There isn’t a one fits all solution, or if there is I don’t know about it. But that hasn’t stopped me from sharing ideas yet, so let’s get into it! Here are some things that work for me – sometimes. I’m not a therapist (although I have seen a lot of them and love them) so please take everything with a grain of salt from here on out.
- Know Thyself
- Check in with yourself every once in a while. Notice how you are feeling – is there any tension in your body? If so, what is that from? Can you do anything to feel better or maybe let it go?
- This is when I find meditation especially helpful.
- Be honest with yourself about what you are able to handle right now from others and what you just cannot take at the moment.
- What is on your to-do list? Are there major events or responsibilities that need your attention, things you CANNOT miss?
- Have you been getting enough healthy food? Water? Sleep? Fresh air? Where are you depleted?
- Are things so bad that you think maybe it goes beyond having a rough couple weeks? Are you seeing a pattern pop up that is concerning?
- Check in with yourself every once in a while. Notice how you are feeling – is there any tension in your body? If so, what is that from? Can you do anything to feel better or maybe let it go?
- Heal Thyself
- Eat the healthy food, drink the water, take a nap, a walk, a yoga session.
- Be open with your people about your limits in that moment, set boundaries. Even if you aren’t great at it and you really hate doing it – do it. Remember even airlines (and Moira Rose) remind us to put on our own masks first before helping others.

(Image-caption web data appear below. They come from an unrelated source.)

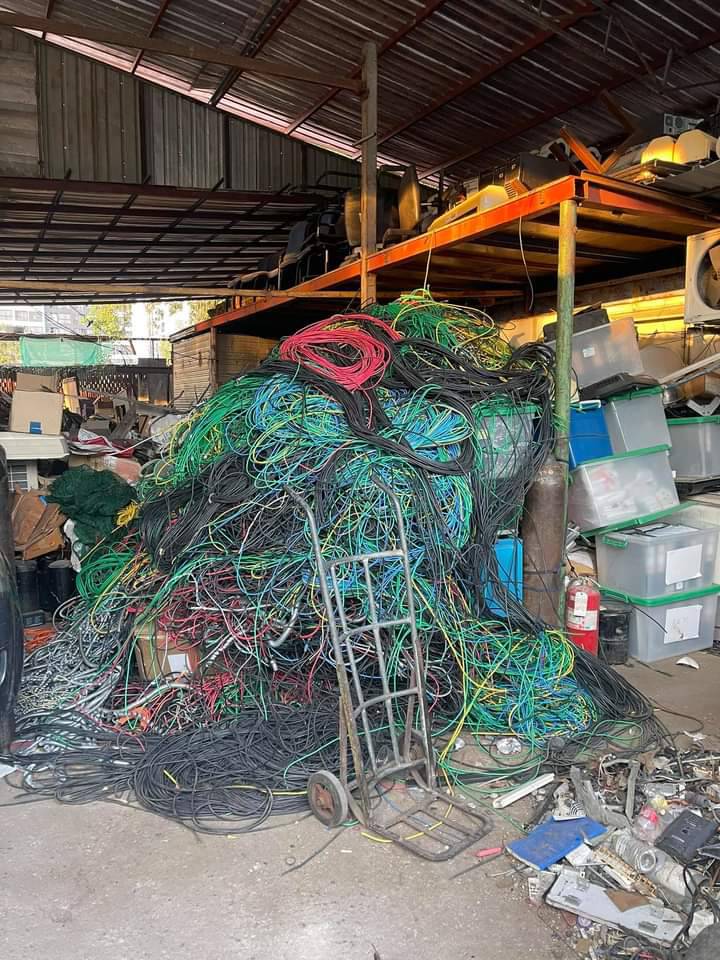 เคลียร์พื้นที่บ้านและสำนักงาน เปลี่ยนของไม่ใช้ให้เป็นเงินสด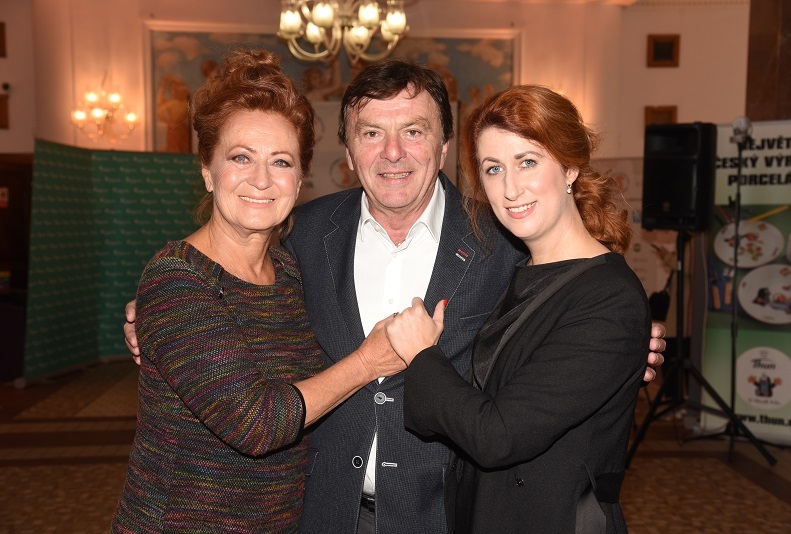 Pavel Trávníček s bývalou manželkou Simonou Stašovou a současnou ženou Monikou. 
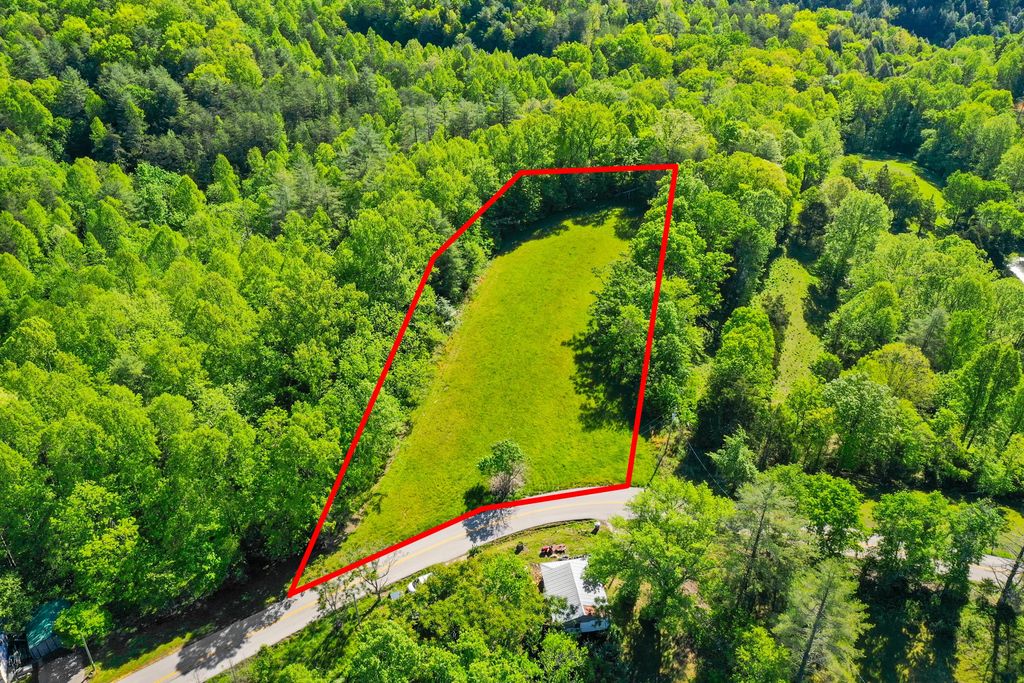 7777 State Highway 2016, Beattyville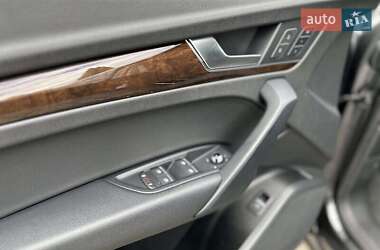 Внедорожник / Кроссовер Audi Q5 2019 в 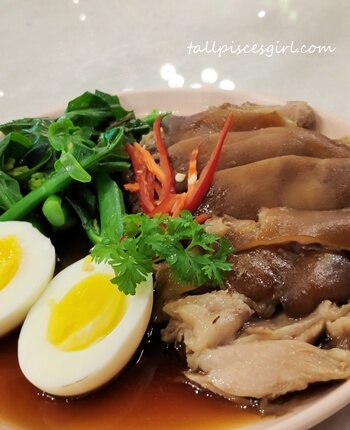 Nguyens Signature Stew Pork Knuckle | Nguyen's Vietnamese Restaurant @ 163 Retail Park, Mont Kiara Nguyen’s Signature Stew Pork Knuckle (Price: RM 26)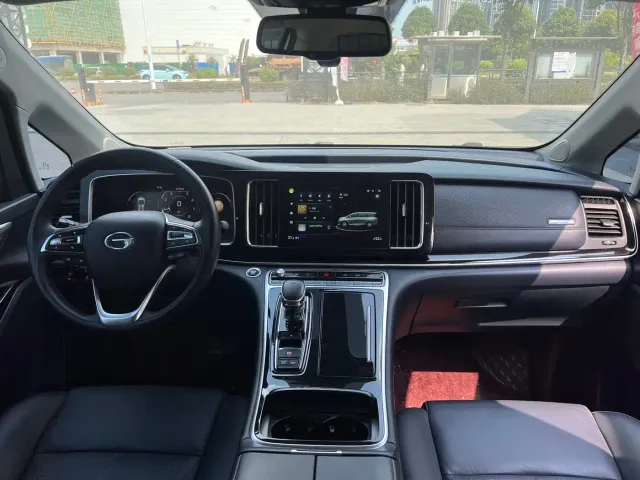 GAC Trumpchi M8 — Фото автомобиля 6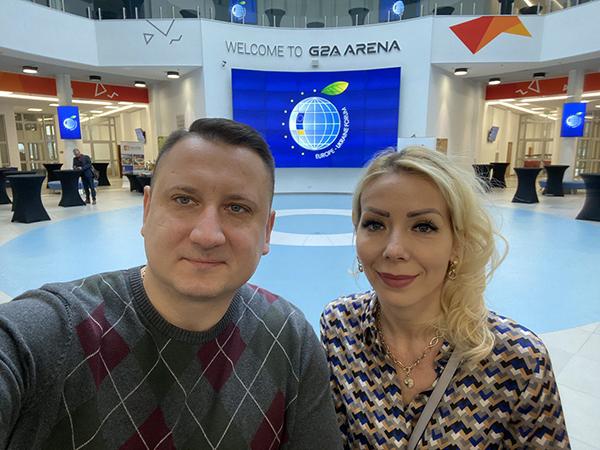 Професори Олена та Костянтин Павлови взяли участь у ХІІІ Форумі Європа – Україна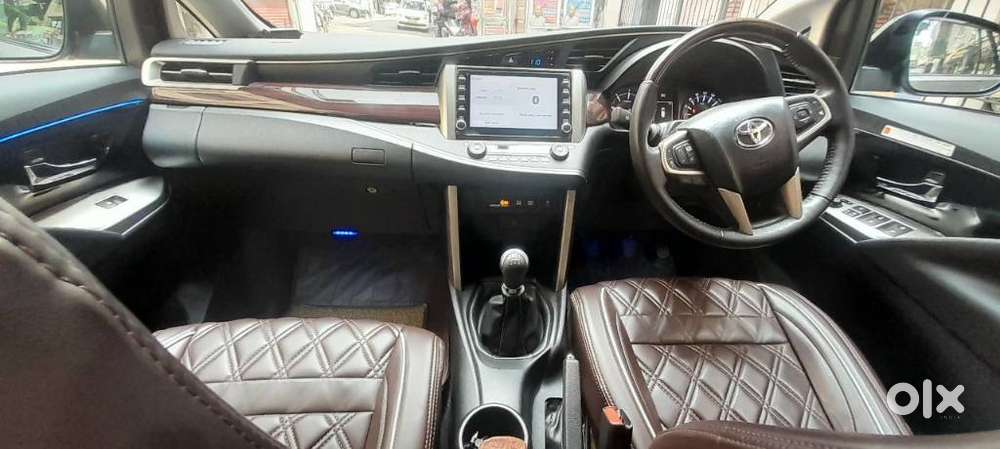 Toyota Innova Crysta 2.4 V 8 Str, 2023, Diesel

- Remind yourself that you are a person who deserves to feel well, even if those around you are struggling. Again, it’s really hard to help anyone else if you are on the verge of crying or screaming at any moment.
- If it’s a pattern or a constant in your life, consider talking to your doctor or a therapist to get their input.
- Treat Your Neighbor As Thyself
- Ask them if they have eaten good things, had enough water, slept enough, etc…
- Have a meal with them, go on a walk together, go to a class together, however you think you can get them to take care of themselves.
- Sit with them – most often people just need to feel seen and heard. They don’t expect others to fix their problems, or know exactly the right thing to say. They really just need someone to listen, maybe tell them they’re not crazy for having feelings about hard things. Then remind them that they can do hard things.
- If appropriate, offer a hug. Humans need contact with other humans. Offer it and accept their answer.
- Remind them that they are precious to you and no matter what, you’ve got their back, just as they have had (or would have) yours if the situation were reversed.
- If it’s true, tell them you appreciate them trusting you enough to share this with you. Think about how hard it may be for you to find someone to open up to and be vulnerable with and take it as a compliment they enlisted your help.
- Share with them any feelings of admiration you have for how they have dealt with the situation so far.
- Turn the tables and ask them what actions they’ve taken so far that they feel proud of? See if you can shift their focus, even just a little, towards their own strength.
- Finally, if it seems they aren’t able to see any way out, ask them if they’ve considered talking to a counselor or doctor. Just be prepared if their reaction is less than grateful. You offered the suggestion and it is their choice to take it or leave it. ****Of course in an emergency you will have to decide what action is necessary on your part and role in their life.
We all have “stuff”, every single one of us. It might look different, but it’s stuff. And it’s wonderful to love your people and help them, just do everything you can to not add their stuff to yours.